What the task asks: Which lines run from the one containing "Beyaz adam ayakta" through the end of the entries? Restate them word for word, and only those.

Input data:
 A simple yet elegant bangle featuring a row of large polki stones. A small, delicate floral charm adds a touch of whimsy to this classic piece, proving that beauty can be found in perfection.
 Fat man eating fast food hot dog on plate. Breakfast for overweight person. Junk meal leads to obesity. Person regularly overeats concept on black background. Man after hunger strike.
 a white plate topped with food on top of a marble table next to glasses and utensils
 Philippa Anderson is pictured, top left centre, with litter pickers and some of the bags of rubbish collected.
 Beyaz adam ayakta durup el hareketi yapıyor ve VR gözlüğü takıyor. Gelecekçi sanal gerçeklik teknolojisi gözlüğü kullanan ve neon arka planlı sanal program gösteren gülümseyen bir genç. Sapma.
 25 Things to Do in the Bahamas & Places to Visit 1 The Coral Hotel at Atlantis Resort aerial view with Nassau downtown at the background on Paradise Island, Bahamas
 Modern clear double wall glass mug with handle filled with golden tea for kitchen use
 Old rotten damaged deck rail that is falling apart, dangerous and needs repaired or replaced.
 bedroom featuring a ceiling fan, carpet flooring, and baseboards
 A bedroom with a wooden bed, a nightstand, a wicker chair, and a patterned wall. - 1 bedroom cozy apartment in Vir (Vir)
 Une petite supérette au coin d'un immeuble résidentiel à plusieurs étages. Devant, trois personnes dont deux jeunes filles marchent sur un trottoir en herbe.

The completed task:
 Beyaz adam ayakta durup el hareketi yapıyor ve VR gözlüğü takıyor. Gelecekçi sanal gerçeklik teknolojisi gözlüğü kullanan ve neon arka planlı sanal program gösteren gülümseyen bir genç. Sapma.
 25 Things to Do in the Bahamas & Places to Visit 1 The Coral Hotel at Atlantis Resort aerial view with Nassau downtown at the background on Paradise Island, Bahamas
 Modern clear double wall glass mug with handle filled with golden tea for kitchen use
 Old rotten damaged deck rail that is falling apart, dangerous and needs repaired or replaced.
 bedroom featuring a ceiling fan, carpet flooring, and baseboards
 A bedroom with a wooden bed, a nightstand, a wicker chair, and a patterned wall. - 1 bedroom cozy apartment in Vir (Vir)
 Une petite supérette au coin d'un immeuble résidentiel à plusieurs étages. Devant, trois personnes dont deux jeunes filles marchent sur un trottoir en herbe.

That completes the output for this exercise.